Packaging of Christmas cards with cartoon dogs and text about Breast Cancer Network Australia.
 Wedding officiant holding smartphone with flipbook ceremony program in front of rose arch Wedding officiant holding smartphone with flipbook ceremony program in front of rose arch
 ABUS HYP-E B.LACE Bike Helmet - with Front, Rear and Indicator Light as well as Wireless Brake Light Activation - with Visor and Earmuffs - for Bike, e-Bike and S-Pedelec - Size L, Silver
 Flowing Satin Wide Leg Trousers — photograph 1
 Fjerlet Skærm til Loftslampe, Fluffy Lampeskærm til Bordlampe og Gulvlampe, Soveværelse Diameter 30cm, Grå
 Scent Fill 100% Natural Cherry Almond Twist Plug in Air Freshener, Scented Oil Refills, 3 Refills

= = = = = = =

### EXERCISE
In full and without error, give the listing again.

### WRITTEN ANSWER
Packaging of Christmas cards with cartoon dogs and text about Breast Cancer Network Australia.
 Wedding officiant holding smartphone with flipbook ceremony program in front of rose arch Wedding officiant holding smartphone with flipbook ceremony program in front of rose arch
 ABUS HYP-E B.LACE Bike Helmet - with Front, Rear and Indicator Light as well as Wireless Brake Light Activation - with Visor and Earmuffs - for Bike, e-Bike and S-Pedelec - Size L, Silver
 Flowing Satin Wide Leg Trousers — photograph 1
 Fjerlet Skærm til Loftslampe, Fluffy Lampeskærm til Bordlampe og Gulvlampe, Soveværelse Diameter 30cm, Grå
 Scent Fill 100% Natural Cherry Almond Twist Plug in Air Freshener, Scented Oil Refills, 3 Refills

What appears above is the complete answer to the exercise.